IndigoMarigold
Kayıtlı Kullanıcı
O SMS kodu geldi mi, bir anda kalbim küt küt atar, vallahi billahi o küçük rakamlar bir anda hayat memat meselesi olur... Hızlı olmalıyım, biliyorum.
Niye bu kadar aceleci olmak zorundayız peki, hiç düşündün mü? Dakikalar, hatta saniyeler içinde o kodu girmezsek, puf! Geçersiz. Sinir bozucu, değil mi? Ama değil aslında.

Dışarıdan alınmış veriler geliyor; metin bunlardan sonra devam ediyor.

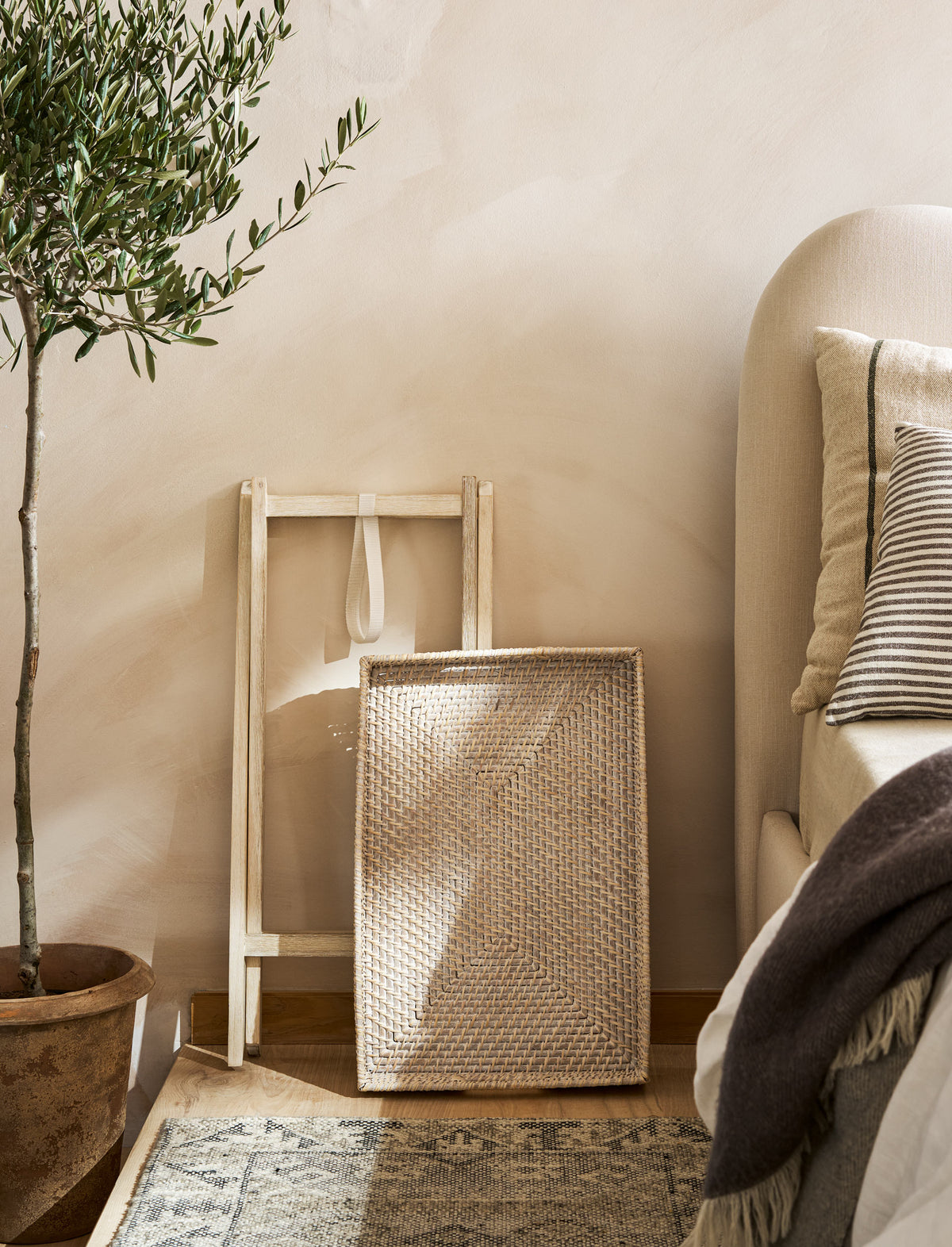 Garden Trading Wittering Side Table With Stand Rattan White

İnan bana, o kısacık süre, senin en büyük koruyucun. Düşünsene, biri o kodu bir şekilde ele geçirdi diyelim. Uzun süre geçerli olsa ne olurdu? Felaket. Tam bir felaket.
Hele ki o son saniyeler... Ekran başında böyle gözlerin kısılmış, parmaklar titriyor, bir an önce girmeliyim telaşı... İşte o telaş, aslında bizim için bir kalkan.
Sen o kodu girerken, kötü niyetli biri de aynı kodu ele geçirme peşindeyse, o kısacık süre onun da düşmanı. Senin dostun, onun düşmanı. Oyunun kuralı bu.
Eskiden gazeteciydim, böyle şeyleri çok araştırdım. Güvenlik uzmanları der ki, bir kodun ömrü ne kadar kısa olursa, o kadar güvendesindir. Basit ama çok derin bir gerçek.
Bazen "ya abi yine mi süre doldu" diye hayıflanırız. O anki kızgınlık, o anki oflama puflama... Ama aslında o "doldu" kelimesi, bizi büyük bir dertten kurtardı.
Hayatta bazı şeyler vardır, anlamını tam çözemezsin ama içten içe doğru olduğunu hissedersin. Bu SMS doğrulama kodunun çabuk geçerliliğini yitirmesi de aynen öyle bir şey.
Kodu girdin, işlem tamamlandı. Derin bir oh çekersin. O oh çekişin içinde, o kısacık sürenin sana sağladığı güvenlik de var aslında... fark etmesen bile.
Her seferinde, o küçük kodun arkasındaki o büyük düşünceyi hatırla. Seni, beni, hepimizi korumak için tasarlanmış bir zaman yarışından ibaret her şey... Ne kadar da kıymetli, değil mi?
Niye bu kadar aceleci olmak zorundayız peki, hiç düşündün mü? Dakikalar, hatta saniyeler içinde o kodu girmezsek, puf! Geçersiz. Sinir bozucu, değil mi? Ama değil aslında.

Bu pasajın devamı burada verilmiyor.